I crave light. Not heat (I wilt, like the special English snowflake that I am), but long hours of clear sunlight. I do better outside, soaking up the light, breathing in the fresh air. I wonder if that’s why my mood soared during those few days on Tiree, and has stayed up?
The last couple of weeks, I’ve slept little, but slept well. One of the worst symptoms of depression for me is the wrecked sleep; not being able to sleep when you crave it is torture. But somewhere a switch has flipped. I’m not sleep I’m hungry for any more, instead I’m craving life. Maybe I need to catch up after those months of nothingness? It’s all made more acute as I’m trying to balance out this sudden hedonistic urge with the heaviest part of this year’s workload.
The dawn chorus woke me well before 4 this morning. I went and sat in my garden, just breathing and being (yeah, my neighbours know I’m a mad old hippy). I even left the camera behind. High as a kite from inhaling dew and birdsong, I was, for once, firmly in the present time and place, not looking to escape to some other.

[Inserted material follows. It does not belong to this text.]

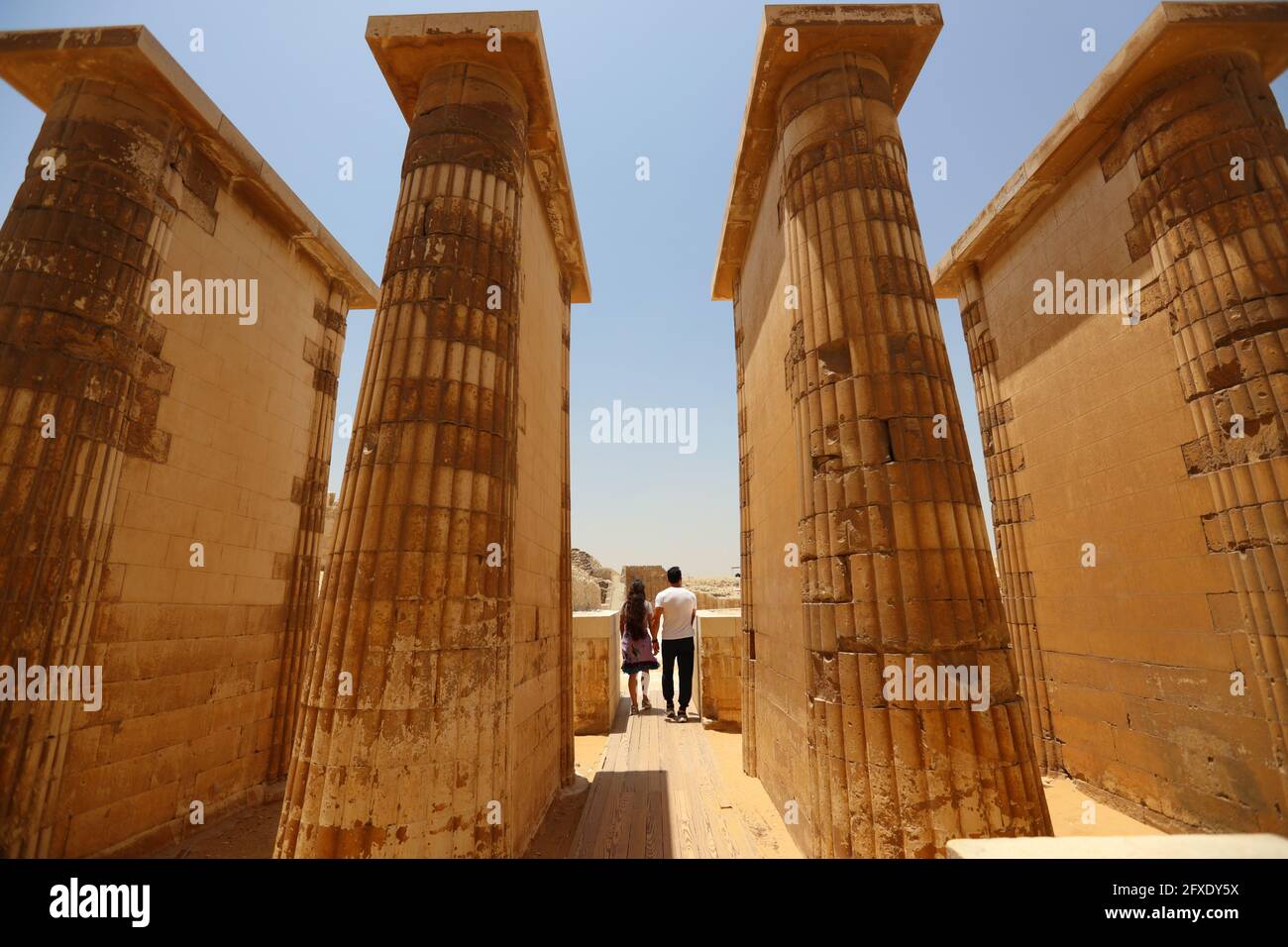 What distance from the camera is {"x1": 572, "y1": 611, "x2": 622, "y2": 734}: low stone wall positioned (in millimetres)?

An hour later, with the sun firmly risen, I climbed back into bed, cold and damp round the edges, and lay there too euphoric to sleep, writing blogposts in my head. Sunset will probably find me on a hilltop somewhere, because I can’t bear to be wasting a minute.
“If I know only one thing, it’s that everything that I see
Of the world outside is so inconceivable often I barely can speak
Yeah I’m tongue-tied and dizzy and I can’t keep it to myself”
That sums up the last few weeks for me (music has forced its way back into my life, this is one of a number of albums I’ve had on repeat for the last week or two.)
Once the words started coming, I couldn’t stop them.